** Opening Provided records block **
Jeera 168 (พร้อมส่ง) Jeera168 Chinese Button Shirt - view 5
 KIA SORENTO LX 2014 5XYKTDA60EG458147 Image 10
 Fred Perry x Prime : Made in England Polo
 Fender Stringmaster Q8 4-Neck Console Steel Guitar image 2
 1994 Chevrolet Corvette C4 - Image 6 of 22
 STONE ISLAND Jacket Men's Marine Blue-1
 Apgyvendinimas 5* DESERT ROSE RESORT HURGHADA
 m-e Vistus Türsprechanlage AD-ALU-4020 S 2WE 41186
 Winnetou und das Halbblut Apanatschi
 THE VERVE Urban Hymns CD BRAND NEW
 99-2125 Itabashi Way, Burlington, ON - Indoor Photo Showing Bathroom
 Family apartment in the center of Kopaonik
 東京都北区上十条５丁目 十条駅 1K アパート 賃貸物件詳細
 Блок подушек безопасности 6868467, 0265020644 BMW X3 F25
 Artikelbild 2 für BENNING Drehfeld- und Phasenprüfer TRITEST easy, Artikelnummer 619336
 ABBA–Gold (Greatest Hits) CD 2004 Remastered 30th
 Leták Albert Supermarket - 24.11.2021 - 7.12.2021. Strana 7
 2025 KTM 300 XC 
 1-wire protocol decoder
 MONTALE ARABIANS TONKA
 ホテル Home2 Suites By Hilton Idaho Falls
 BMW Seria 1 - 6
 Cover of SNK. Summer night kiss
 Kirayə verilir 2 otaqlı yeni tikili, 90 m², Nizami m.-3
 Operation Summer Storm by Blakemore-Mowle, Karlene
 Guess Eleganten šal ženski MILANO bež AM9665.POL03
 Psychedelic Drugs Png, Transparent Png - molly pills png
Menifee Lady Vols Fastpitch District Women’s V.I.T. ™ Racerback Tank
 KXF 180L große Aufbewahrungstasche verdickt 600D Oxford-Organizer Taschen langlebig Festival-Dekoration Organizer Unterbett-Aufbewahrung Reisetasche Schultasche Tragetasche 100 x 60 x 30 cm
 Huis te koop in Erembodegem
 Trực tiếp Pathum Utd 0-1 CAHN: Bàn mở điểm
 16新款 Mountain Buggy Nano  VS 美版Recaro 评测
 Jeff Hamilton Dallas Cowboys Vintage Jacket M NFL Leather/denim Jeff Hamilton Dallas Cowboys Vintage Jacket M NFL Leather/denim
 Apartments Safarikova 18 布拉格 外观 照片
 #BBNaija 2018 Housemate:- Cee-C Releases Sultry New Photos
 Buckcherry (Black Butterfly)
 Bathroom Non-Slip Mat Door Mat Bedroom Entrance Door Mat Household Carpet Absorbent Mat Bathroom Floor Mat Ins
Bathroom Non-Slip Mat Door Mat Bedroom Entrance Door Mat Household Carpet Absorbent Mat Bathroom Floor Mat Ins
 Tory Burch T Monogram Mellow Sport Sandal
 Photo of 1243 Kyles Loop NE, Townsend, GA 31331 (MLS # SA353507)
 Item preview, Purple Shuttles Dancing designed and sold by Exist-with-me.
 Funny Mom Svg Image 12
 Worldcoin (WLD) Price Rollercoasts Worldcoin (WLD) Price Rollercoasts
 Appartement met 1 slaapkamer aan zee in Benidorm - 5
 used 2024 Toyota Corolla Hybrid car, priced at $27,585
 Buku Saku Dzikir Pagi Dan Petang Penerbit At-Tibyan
** Closing Provided records block **
● **Aim of the task**: Every line above is to be transcribed exactly, with nothing missed.

● **Task answer**:
Jeera 168 (พร้อมส่ง) Jeera168 Chinese Button Shirt - view 5
 KIA SORENTO LX 2014 5XYKTDA60EG458147 Image 10
 Fred Perry x Prime : Made in England Polo
 Fender Stringmaster Q8 4-Neck Console Steel Guitar image 2
 1994 Chevrolet Corvette C4 - Image 6 of 22
 STONE ISLAND Jacket Men's Marine Blue-1
 Apgyvendinimas 5* DESERT ROSE RESORT HURGHADA
 m-e Vistus Türsprechanlage AD-ALU-4020 S 2WE 41186
 Winnetou und das Halbblut Apanatschi
 THE VERVE Urban Hymns CD BRAND NEW
 99-2125 Itabashi Way, Burlington, ON - Indoor Photo Showing Bathroom
 Family apartment in the center of Kopaonik
 東京都北区上十条５丁目 十条駅 1K アパート 賃貸物件詳細
 Блок подушек безопасности 6868467, 0265020644 BMW X3 F25
 Artikelbild 2 für BENNING Drehfeld- und Phasenprüfer TRITEST easy, Artikelnummer 619336
 ABBA–Gold (Greatest Hits) CD 2004 Remastered 30th
 Leták Albert Supermarket - 24.11.2021 - 7.12.2021. Strana 7
 2025 KTM 300 XC 
 1-wire protocol decoder
 MONTALE ARABIANS TONKA
 ホテル Home2 Suites By Hilton Idaho Falls
 BMW Seria 1 - 6
 Cover of SNK. Summer night kiss
 Kirayə verilir 2 otaqlı yeni tikili, 90 m², Nizami m.-3
 Operation Summer Storm by Blakemore-Mowle, Karlene
 Guess Eleganten šal ženski MILANO bež AM9665.POL03
 Psychedelic Drugs Png, Transparent Png - molly pills png
Menifee Lady Vols Fastpitch District Women’s V.I.T. ™ Racerback Tank
 KXF 180L große Aufbewahrungstasche verdickt 600D Oxford-Organizer Taschen langlebig Festival-Dekoration Organizer Unterbett-Aufbewahrung Reisetasche Schultasche Tragetasche 100 x 60 x 30 cm
 Huis te koop in Erembodegem
 Trực tiếp Pathum Utd 0-1 CAHN: Bàn mở điểm
 16新款 Mountain Buggy Nano  VS 美版Recaro 评测
 Jeff Hamilton Dallas Cowboys Vintage Jacket M NFL Leather/denim Jeff Hamilton Dallas Cowboys Vintage Jacket M NFL Leather/denim
 Apartments Safarikova 18 布拉格 外观 照片
 #BBNaija 2018 Housemate:- Cee-C Releases Sultry New Photos
 Buckcherry (Black Butterfly)
 Bathroom Non-Slip Mat Door Mat Bedroom Entrance Door Mat Household Carpet Absorbent Mat Bathroom Floor Mat Ins
Bathroom Non-Slip Mat Door Mat Bedroom Entrance Door Mat Household Carpet Absorbent Mat Bathroom Floor Mat Ins
 Tory Burch T Monogram Mellow Sport Sandal
 Photo of 1243 Kyles Loop NE, Townsend, GA 31331 (MLS # SA353507)
 Item preview, Purple Shuttles Dancing designed and sold by Exist-with-me.
 Funny Mom Svg Image 12
 Worldcoin (WLD) Price Rollercoasts Worldcoin (WLD) Price Rollercoasts
 Appartement met 1 slaapkamer aan zee in Benidorm - 5
 used 2024 Toyota Corolla Hybrid car, priced at $27,585
 Buku Saku Dzikir Pagi Dan Petang Penerbit At-Tibyan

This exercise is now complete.